==== Material provided

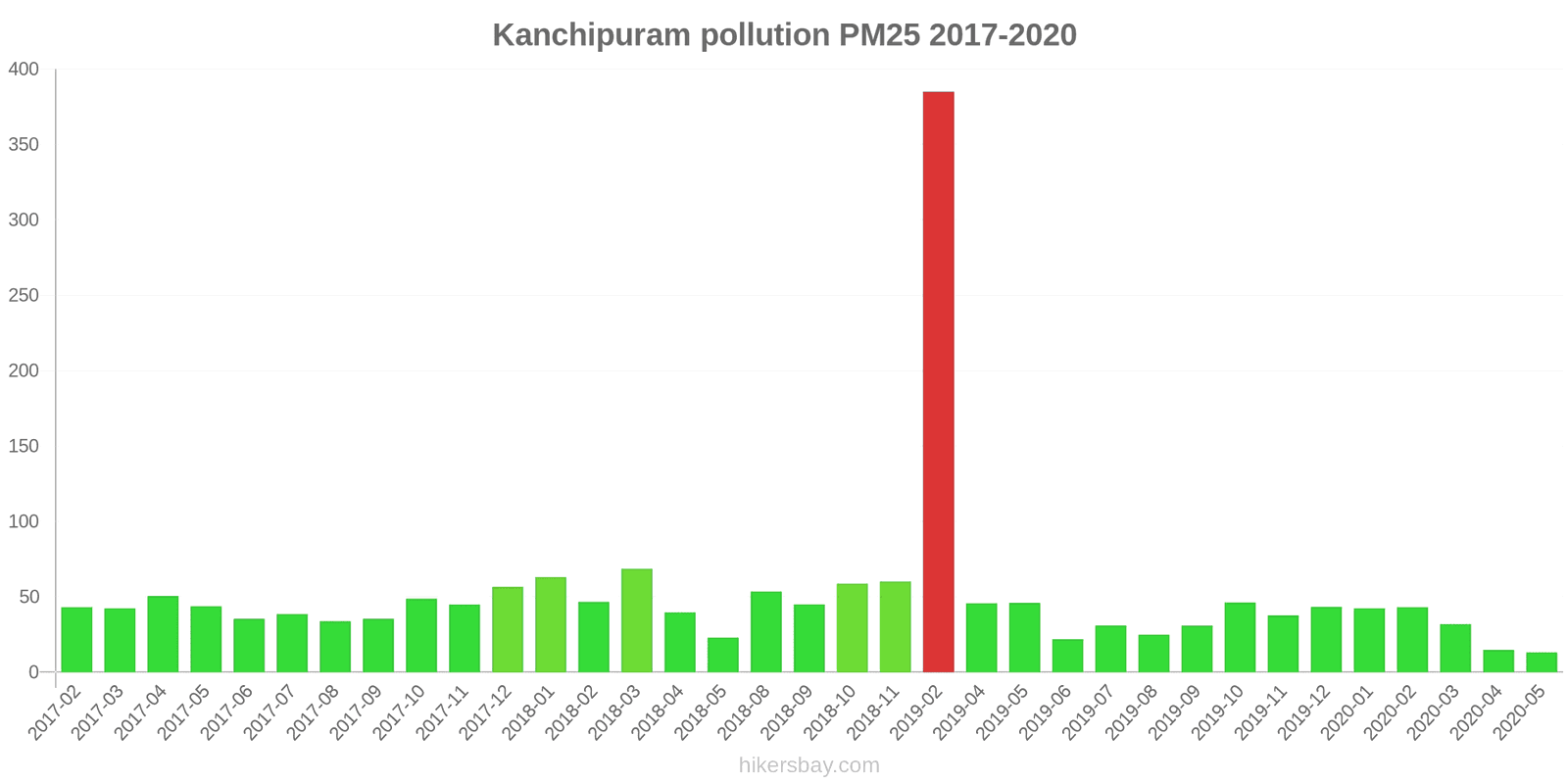 pollution pm25 hikersbay.com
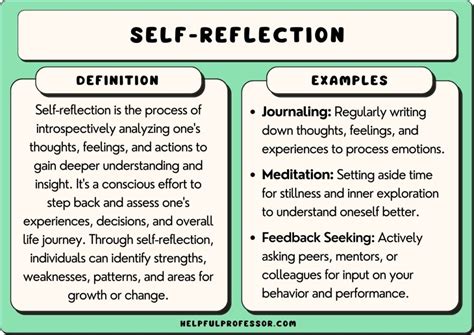 The Significance of Self-Reflection: Analyzing Our Individual Contributions to Unsuccessful Relationships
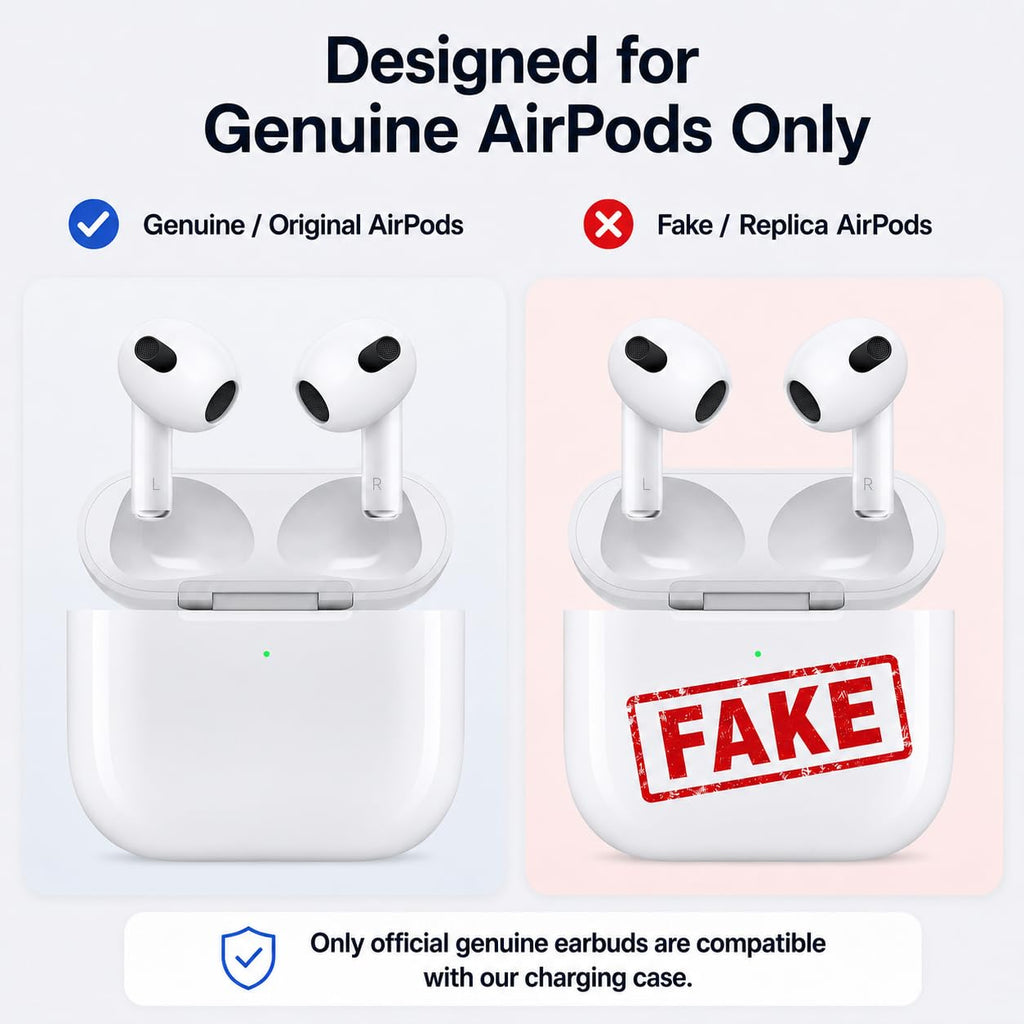 Replacement Charging Case for AirPods 3rd Generation L745251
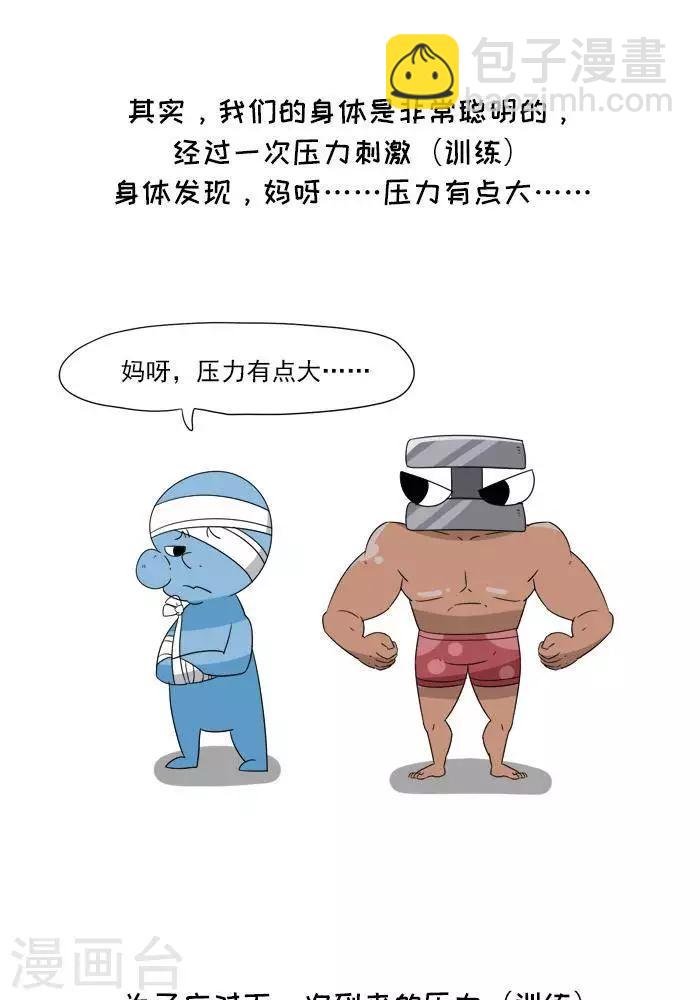 第6话 增肌的秘术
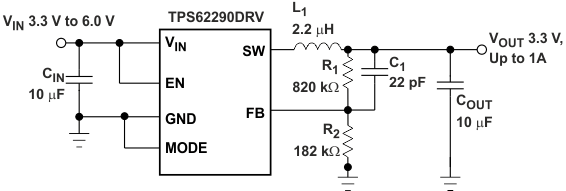 TPS62290 TPS62291 TPS62293 typ_opr33_lvs764.gif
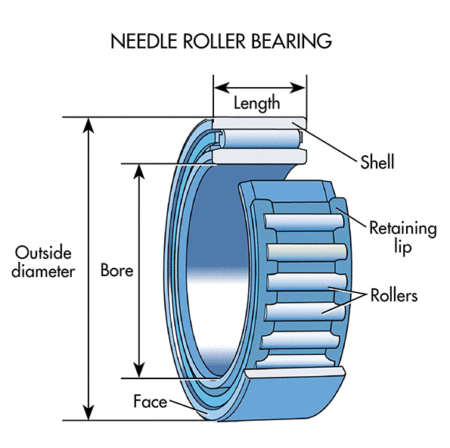 "GETTING" YOUR BEARINGS - The Process Technology And Operator Academy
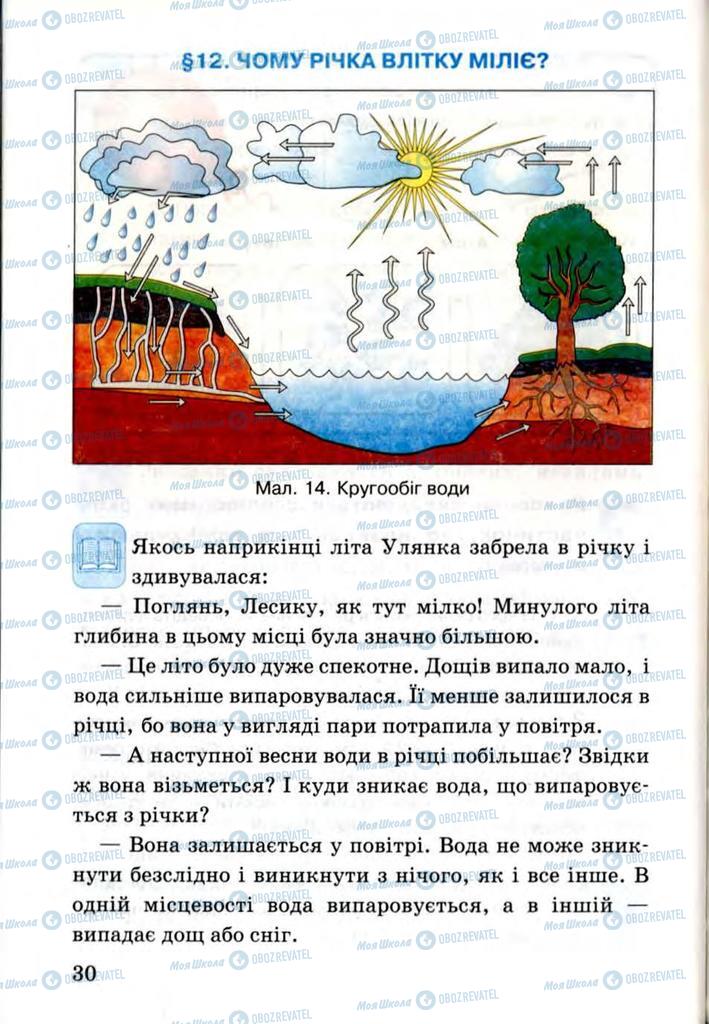 Підручники Я і Україна 3 клас сторінка 30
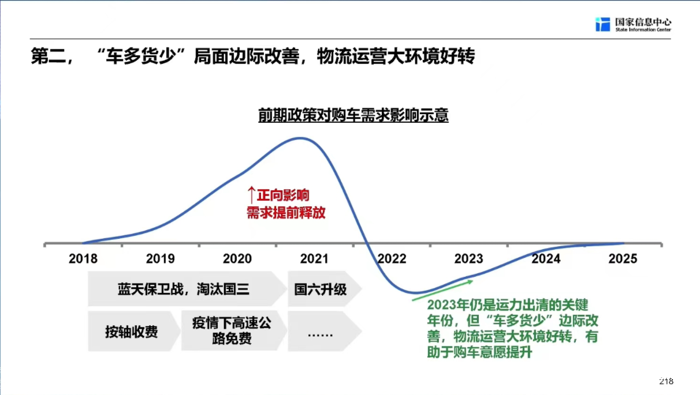 商用車走勢7.png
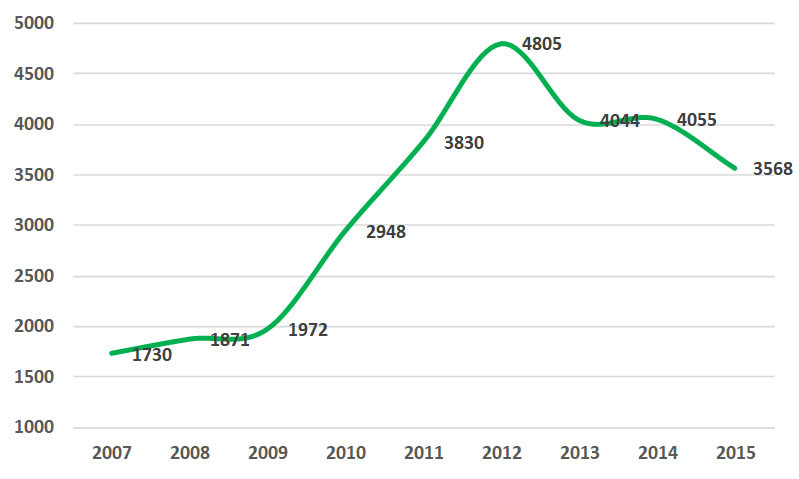 Sucre: producción de aguacate en los años 2007-2015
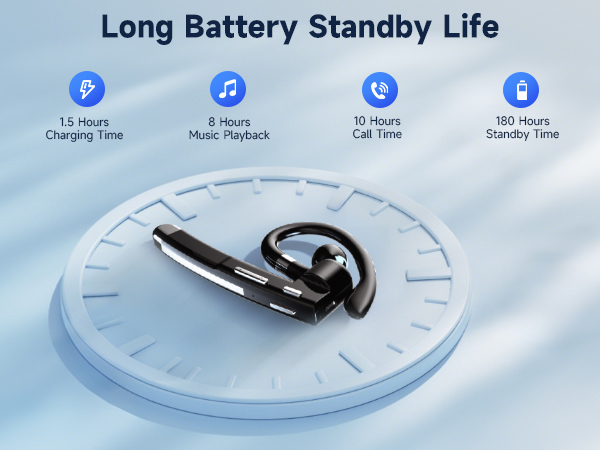 Long Battery Standby Life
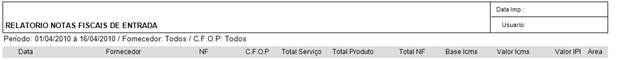 Exemplo do relatório por nota fiscal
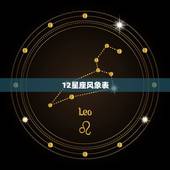 12星座风象表，水象星座特点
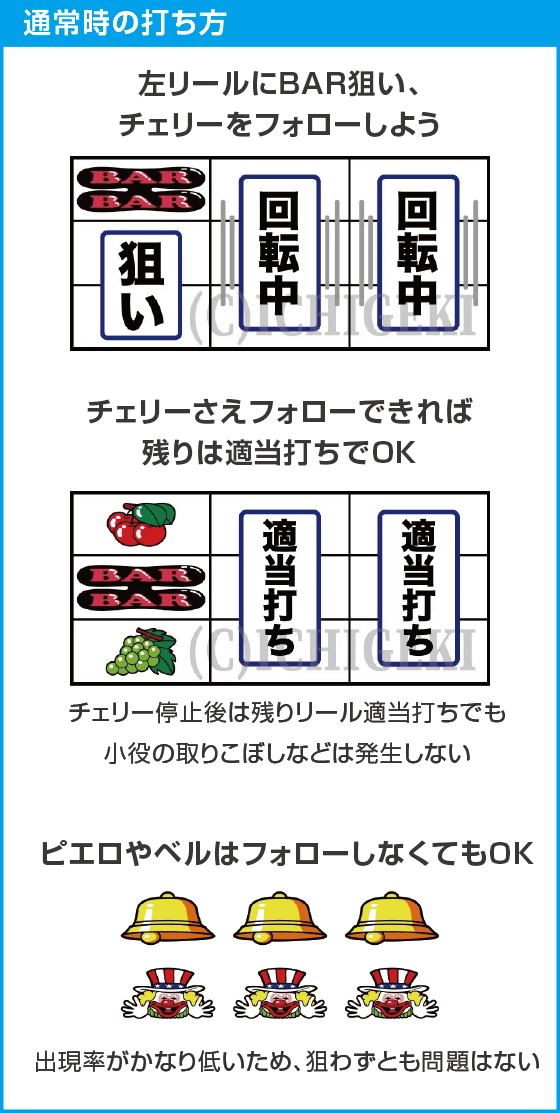 ネオアイムジャグラーEXのスペック
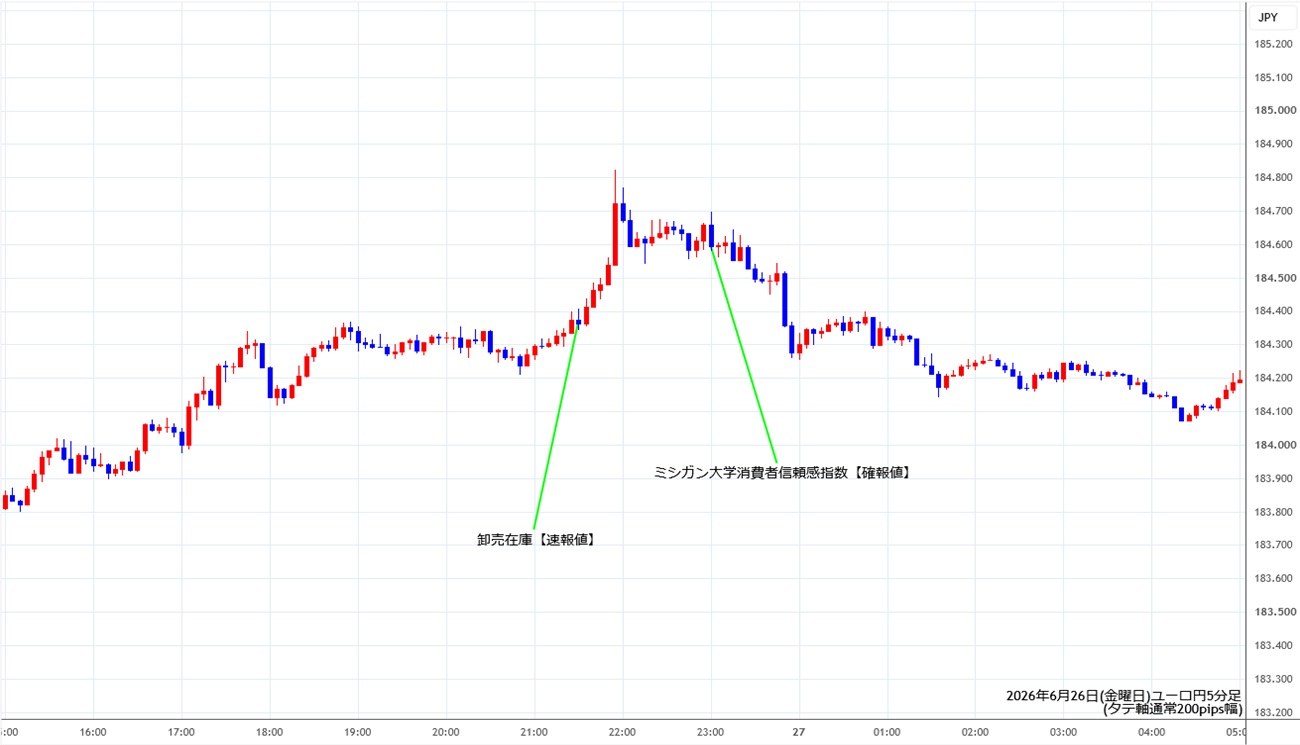 https://eurjpy.stg.fxrec.com/img/eurjpy5min260626.jpg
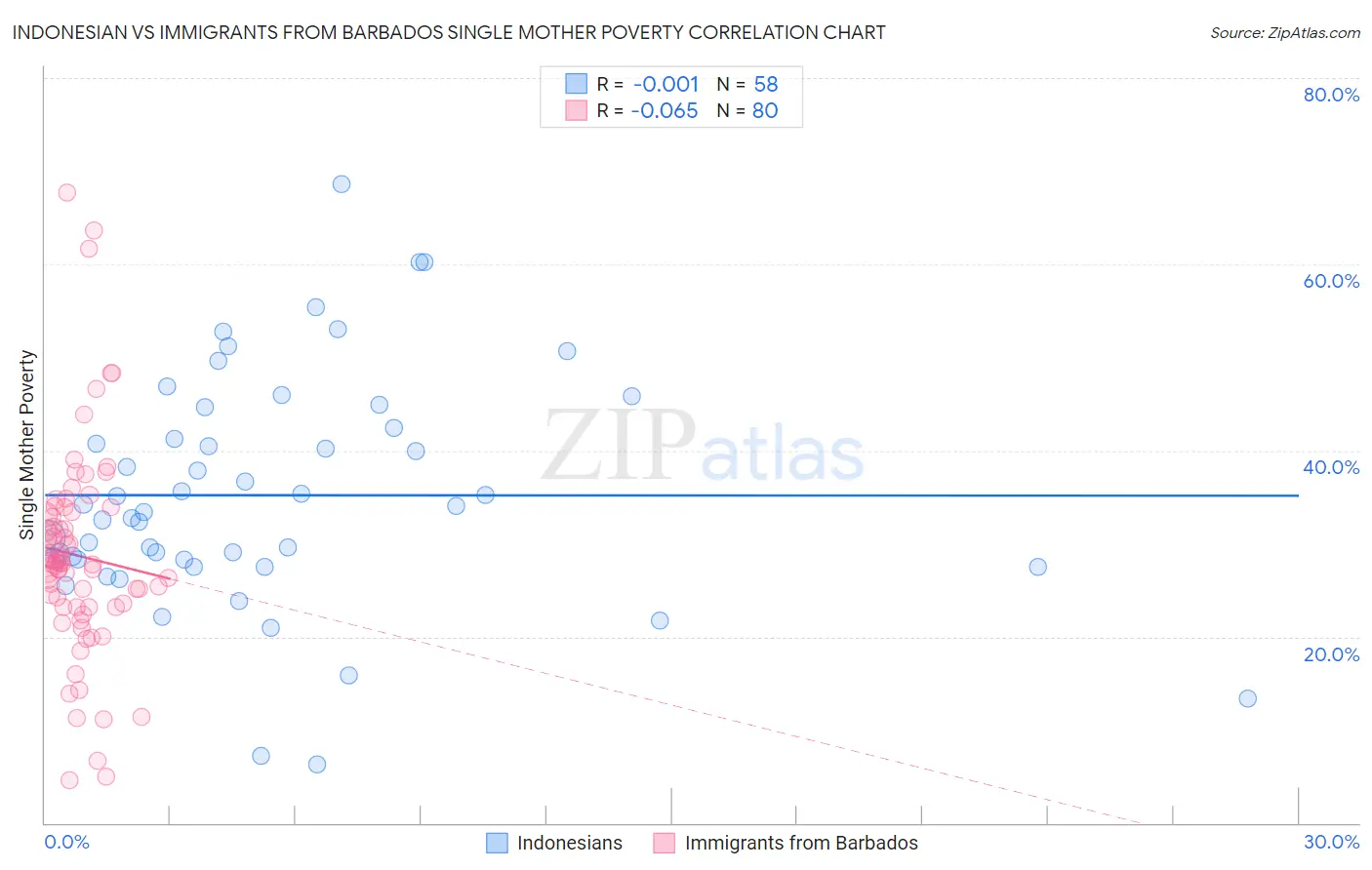 Indonesian vs Immigrants from Barbados Single Mother Poverty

========

# Directions for this task
Retype the lines from the one containing "Sucre: producción de" down to the last line of the records, both included, exactly and nothing more. Pictures stay out.

# Task answer
 Sucre: producción de aguacate en los años 2007-2015
 Long Battery Standby Life
 Exemplo do relatório por nota fiscal
 12星座风象表，水象星座特点
 ネオアイムジャグラーEXのスペック
 https://eurjpy.stg.fxrec.com/img/eurjpy5min260626.jpg
 Indonesian vs Immigrants from Barbados Single Mother Poverty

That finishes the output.